Cour de cassation - chambre sociale - 11 mai 2016

Le contrat de travail à temps partiel doit prévoir la durée du temps de travail et sa répartition.

A défaut le contrat est présumé à temps plein, sauf pour l'employeur à prouver que cette durée et cette répartition avait été convenue avec le salarié.

La Cour de cassation refuse que l'employeur puisse apporter cette preuve par la seule preuve du travail effectivement réalisé.

En effet, ce n'est pas parceque le salarié a été payé des heures effectué que leur montant et leur répartition avait été convenu avec l'employeur.

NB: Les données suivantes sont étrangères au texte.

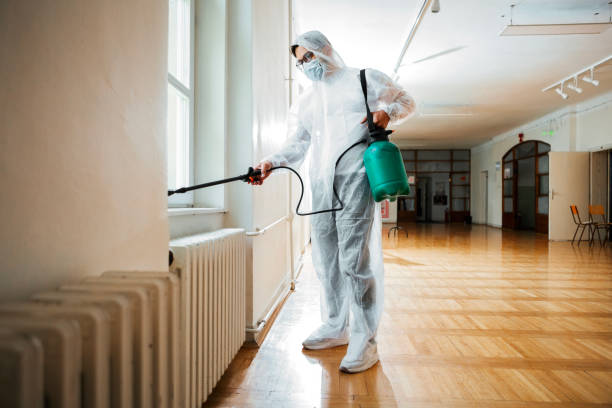 Reliable White Oak, PA Pest Control Solutions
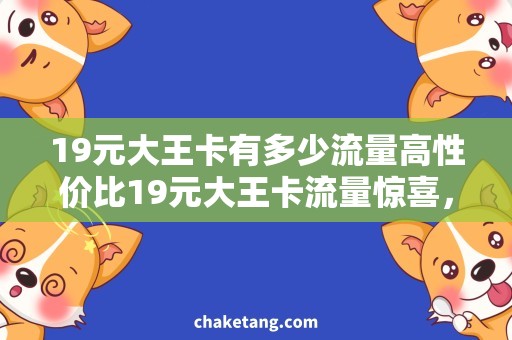 19元大王卡有多少流量高性价比19元大王卡流量惊喜，详细说明使用方法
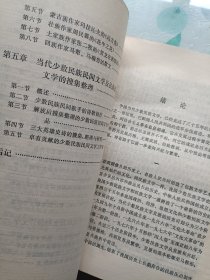 中国当代少数民族文学史稿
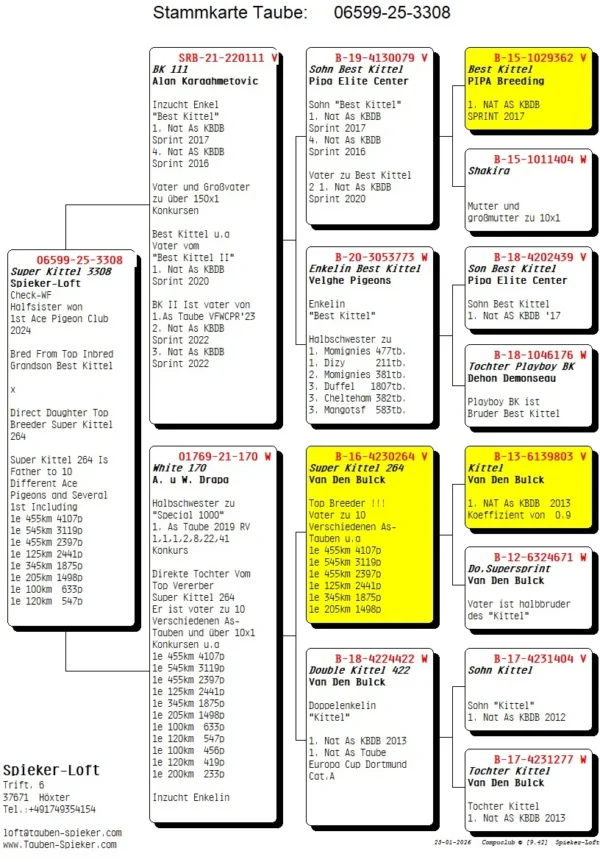 DV 6599-25-3308 Mascul Spieker Loft Tatal nepot Best Kittel, mama este fiica din "Super KITTEL 264" super reproducator in mai multe generatii, doi  descendenti au castical locul 2 si 3 in finala AFRICA PRO 2025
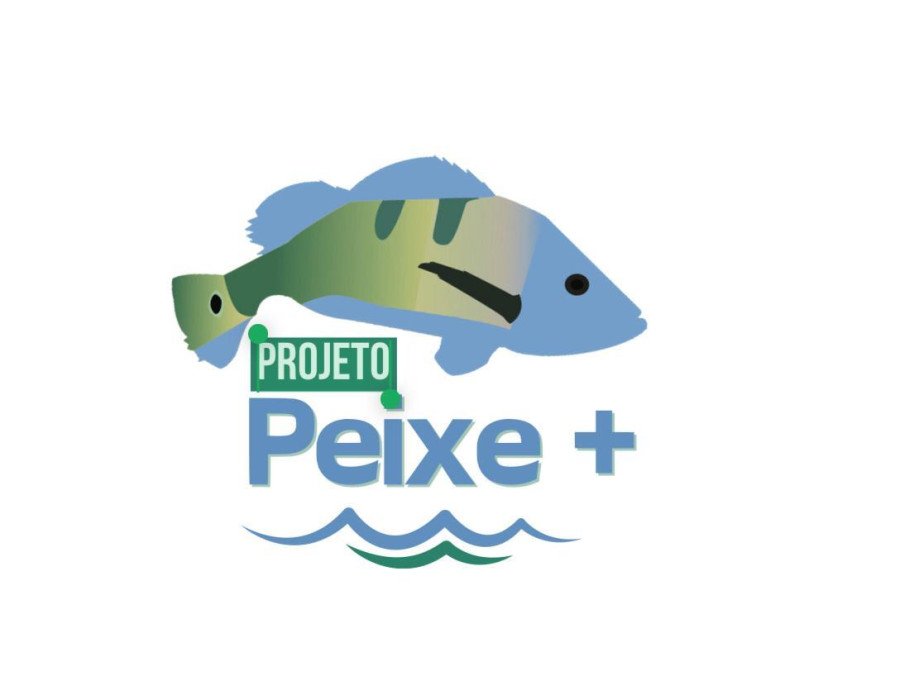 Projeto Peixe + tem como foco principal a implementação de um programa de educação ambiental nas escolas do Tocantins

Ainsi le seul fait que le salarié n'ai travaillé que 2 jours par semaine ne suffit pas à renverser la présomption de contrat à temps plein.

lundi, 12 décembre 2016

Qui travaille une fois à temps plein, travaille tout le temps à temps plein

Cour de cassation - chambre sociale - 6 juillet 2016

Dans cet arrêt la Cour de cassation confirme une solution rigoureuse relative aux contrats de travail à temps partiel.

La loi prévoit en effet qu'un contrat à temps partiel ne peut avoir pour effet de porter la durée du travail du salarié à hauteur de la durée légale du travail.

La Chambre sociale précise la sanction de ce principe en cas de dépassement ponctuel de cette durée à raison de la réalisation pendant une brève période du temps de travail.

Elle casse ainsi l'arrêt d'une Cour d'appel qui avait débouté une salariée d'une demande de requalification au motif que le dépassement n'avait concerné que 2 mois de l'année.

Elle considère en effet, de façon constante, qu'il suffit que le salarié ait une fois dépassé la durée légale pour obtenir requalification du contrat de travail en temps complet pour son intégralité.